In a separate report, shipbroker Allied Shipbroking added that it was “a rather mediocre week for the newbuilding market, with overall activity holding soft for the time being. Notwithstanding this, some sort of gear up was to be noted in the dry bulk sector, with some fresh new orders, mostly for larger sized units, coming to light the past couple of days. Given the recent trends from the side of earnings, with the market, finally, showing some positive potential, we may well anticipate this active in new order to ramp up further. In the tanker sector things have gone silent for the time being, despite the overall better outlook than portray against that of the dry bulk sector. Given the hesitation of most to take up the new ordering option right now, we see buying focus to likely shift towards a rather more vivid Secondhand market, where most interested parties show eagerness to act right now. With all being said, things still remain shrouded in mystery as to what we will see next, with many ups and downs likely to be noted in the short run, while most players still hold a rather conservative attitude”, the shipbroker said.
Meanwhile, in the S&P market, Banchero Costa commented that “in the dry bulk, the Ultramax “Loch Ness” around 61,200 dwt 2016 built Shin Kurushima, Japan was sold for $23 mln to Greek buyers Neptune Dry Management.

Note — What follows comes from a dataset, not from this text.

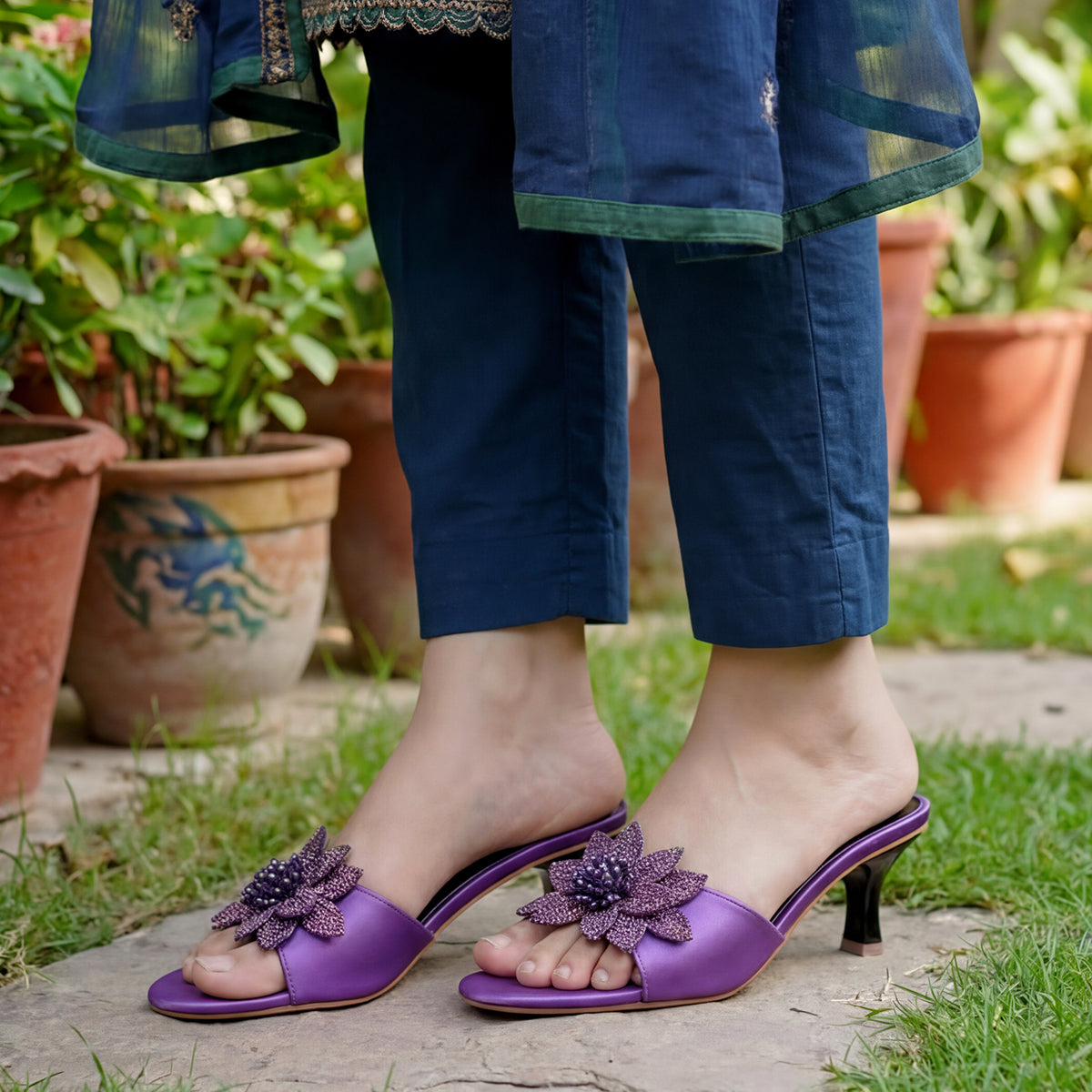 Purple Formal Heel - SH022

She has failed about 2 months ago at more or less same level. A larger open-hatch Handysize “Cielo di Amalfi” around 37,300 dwt 2007 built Saiki, Japan was sold to Vietnamese buyers for $10.2 mln, whilst a smaller traditional Handysize “RHL Novare” around 31,750 dwt 2011 built Fujian Mawei, China achieved region $8 mln from Greek buyers, possibly Cosmoship, which name has been linked to several Handysize transactions over the last few weeks. In the tankers, a modern VLCC “Landbridge Prosperity” around 308,000 dwt 2016 built Dalian, China was sold to U.S.-based Buyers basis sale and leaseback agreement at an undisclosed price. The Suezmax “Eurospirit” of around 160,300 dwt 2000 built Daewoo was sold to undisclosed buyers for slightly excess $12 mln. Clients of Union Maritime are possibly behind the sale of Chinese built Aframax “Seaheritage” around 109,000 dwt 2005 built Hudong, at region $14 mln. Finally an unnamed Nigerian buyer is behind the purchase of 2 x Seaways MR2 tankers “Seaways Antigmar” and “Seaways Ariadmar” of around 46,100 dwt 2004 built STX, Korea at region $8.75 mln each, basis SS/DD promptly due”, the shipbroker concluded.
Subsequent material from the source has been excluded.